### Action item
In the entries below, find the line containing "Take a look" and the line containing "LASCO 35-7041 Simpatico". Copy those two lines and everything between them exactly, without the pictures.

### Record extracts
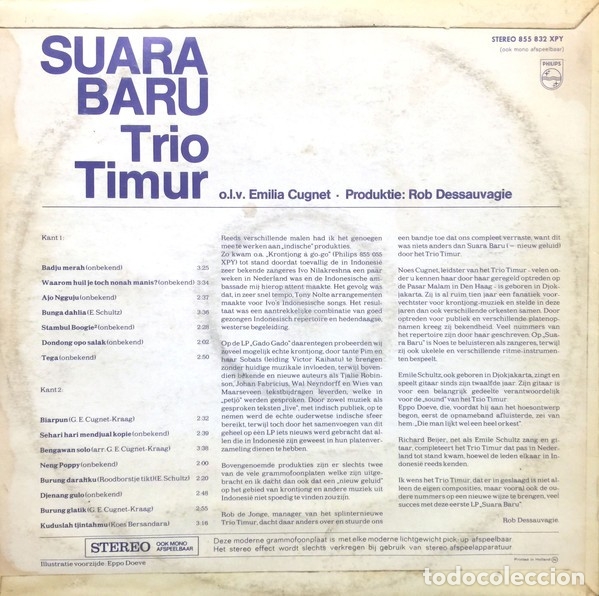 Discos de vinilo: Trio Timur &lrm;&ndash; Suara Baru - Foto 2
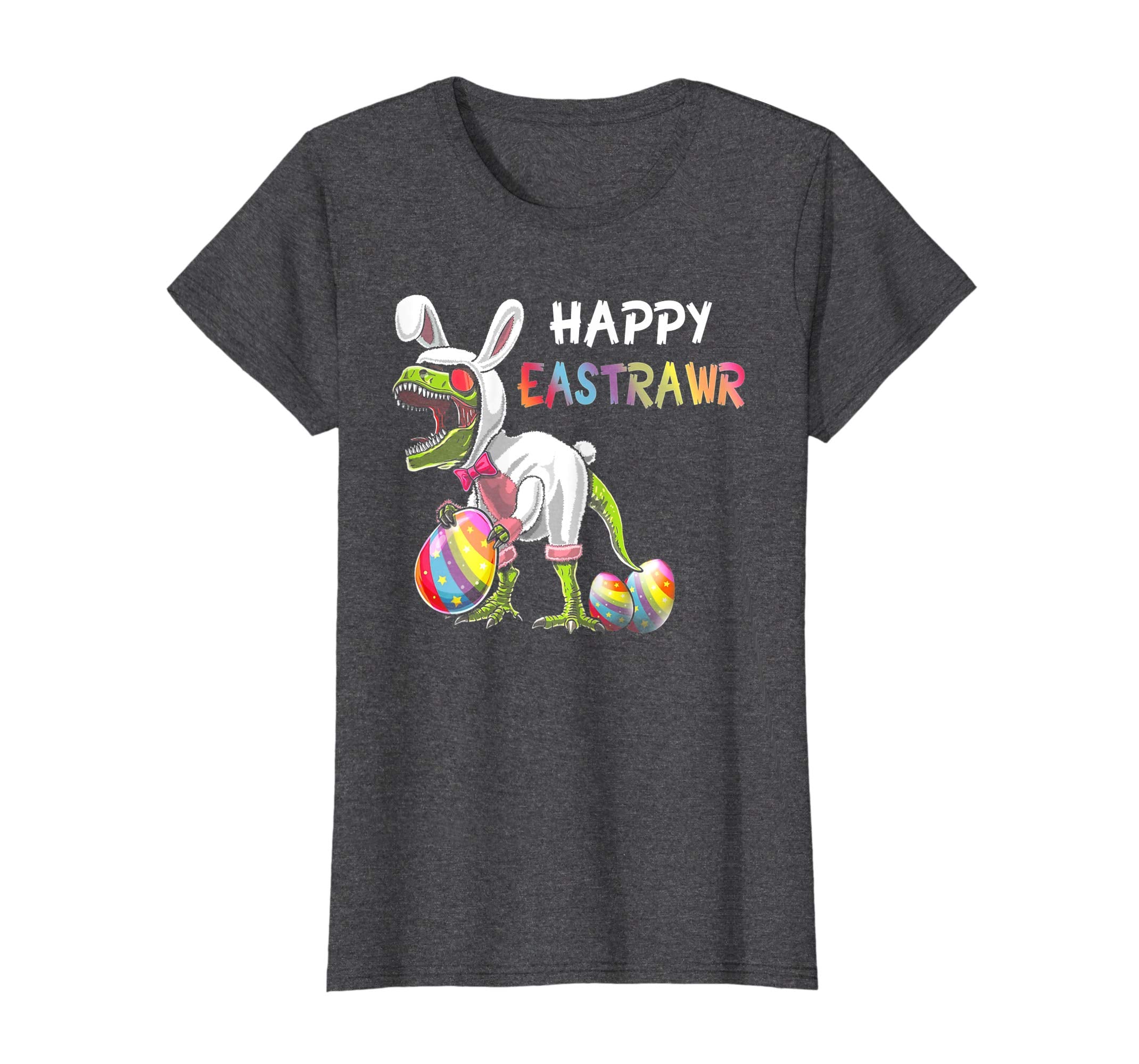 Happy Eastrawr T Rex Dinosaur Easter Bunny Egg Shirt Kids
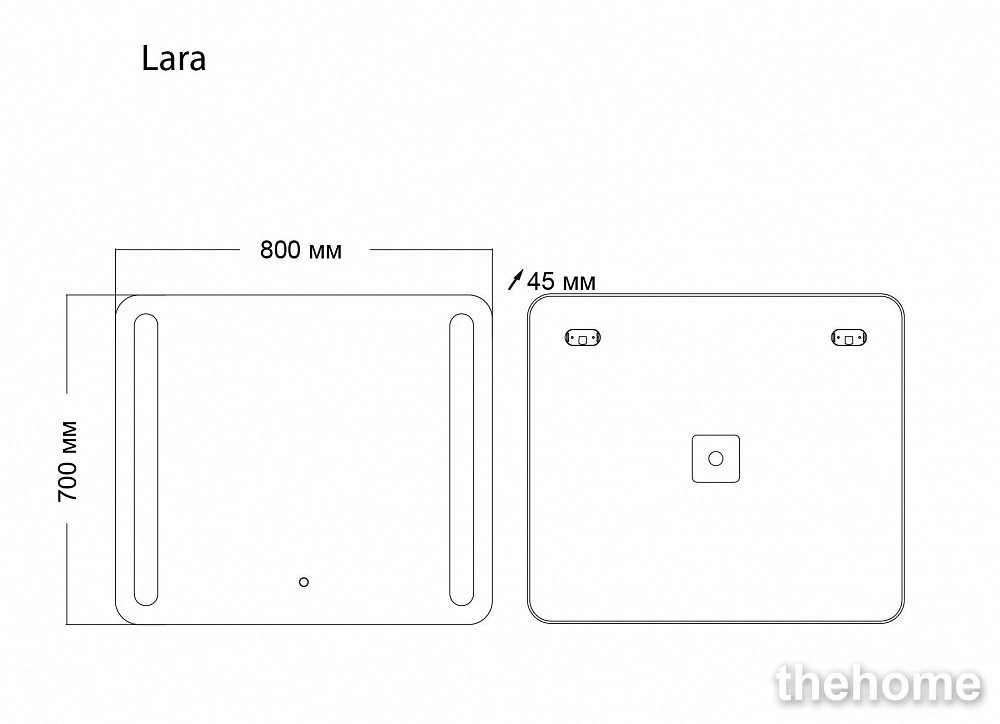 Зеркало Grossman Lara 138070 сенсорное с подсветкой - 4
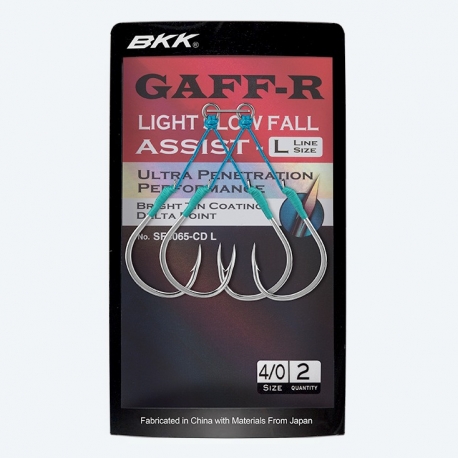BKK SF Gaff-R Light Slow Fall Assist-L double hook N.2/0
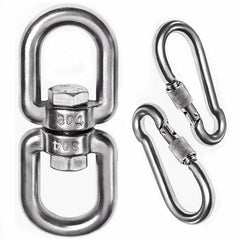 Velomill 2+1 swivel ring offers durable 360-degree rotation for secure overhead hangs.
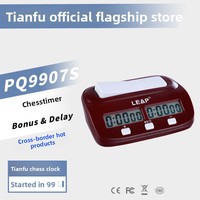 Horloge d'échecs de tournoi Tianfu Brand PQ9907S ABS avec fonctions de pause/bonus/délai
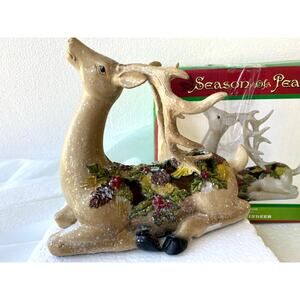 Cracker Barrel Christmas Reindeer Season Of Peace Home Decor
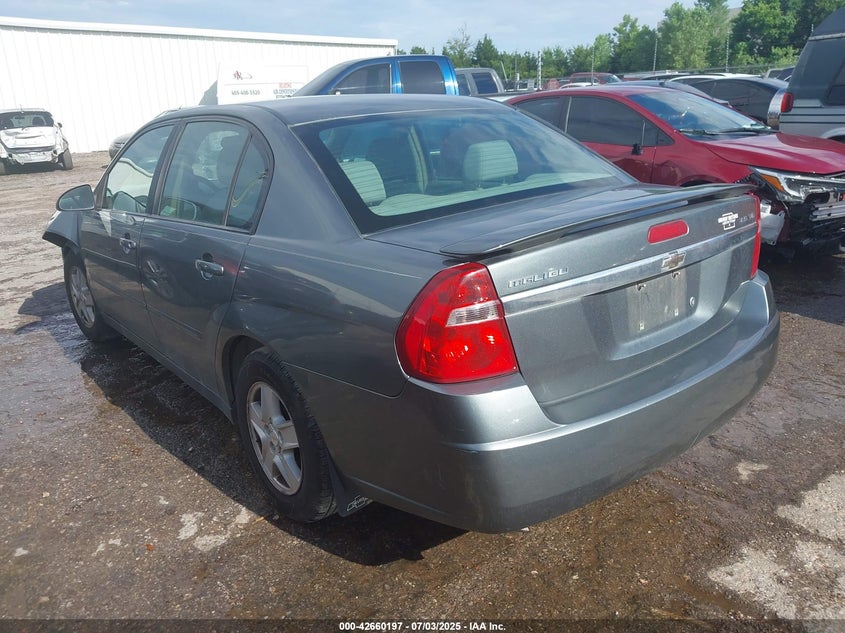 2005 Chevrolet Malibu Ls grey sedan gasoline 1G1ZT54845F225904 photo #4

==

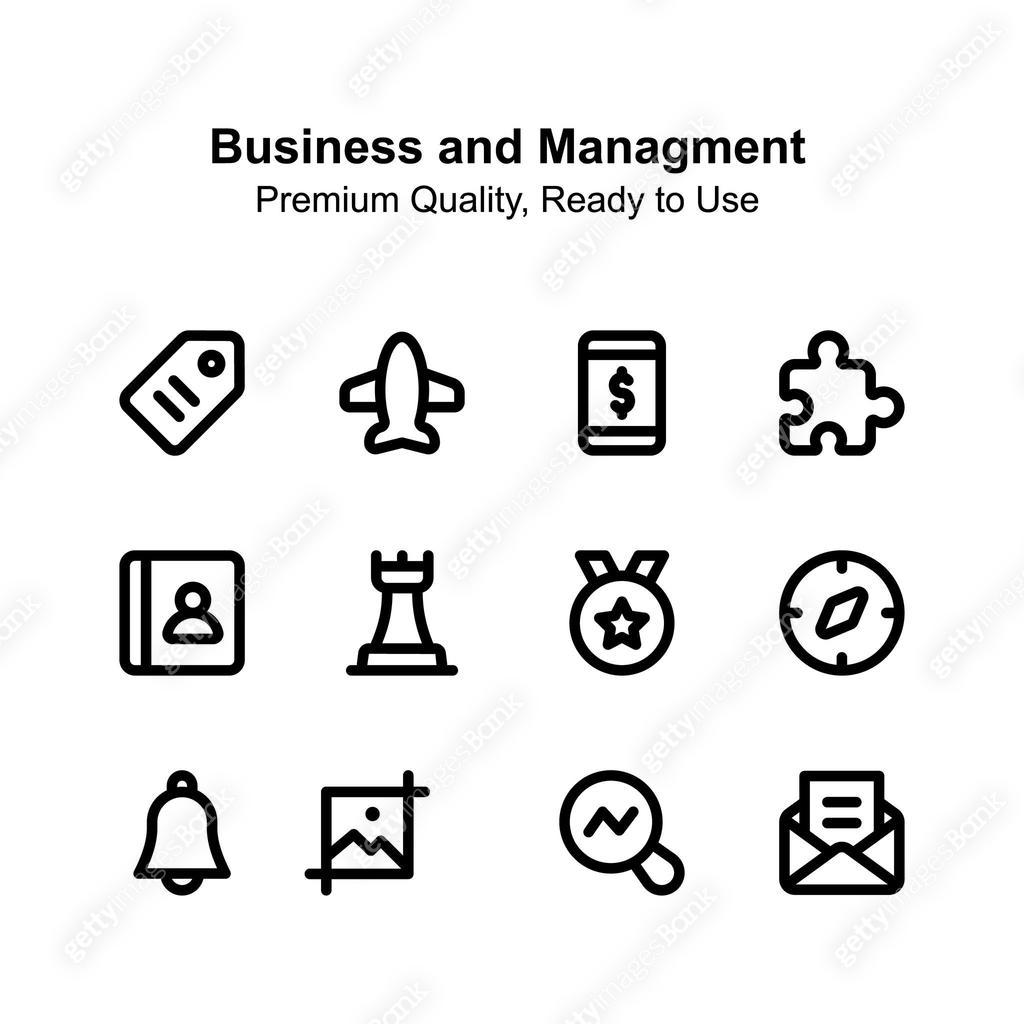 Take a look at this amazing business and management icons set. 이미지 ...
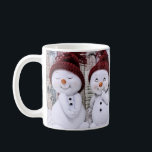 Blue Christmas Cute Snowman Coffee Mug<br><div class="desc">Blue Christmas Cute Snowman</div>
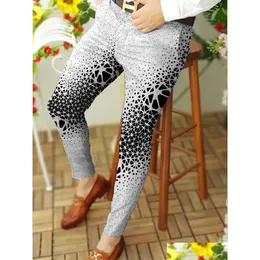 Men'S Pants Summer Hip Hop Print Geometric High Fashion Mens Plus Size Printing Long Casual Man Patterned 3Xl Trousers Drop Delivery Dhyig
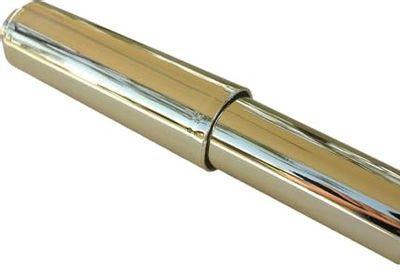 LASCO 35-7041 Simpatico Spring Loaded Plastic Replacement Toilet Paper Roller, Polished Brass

### Result for this exercise
 Take a look at this amazing business and management icons set. 이미지 ...
 Blue Christmas Cute Snowman Coffee Mug<br><div class="desc">Blue Christmas Cute Snowman</div>
 Men'S Pants Summer Hip Hop Print Geometric High Fashion Mens Plus Size Printing Long Casual Man Patterned 3Xl Trousers Drop Delivery Dhyig
 LASCO 35-7041 Simpatico Spring Loaded Plastic Replacement Toilet Paper Roller, Polished Brass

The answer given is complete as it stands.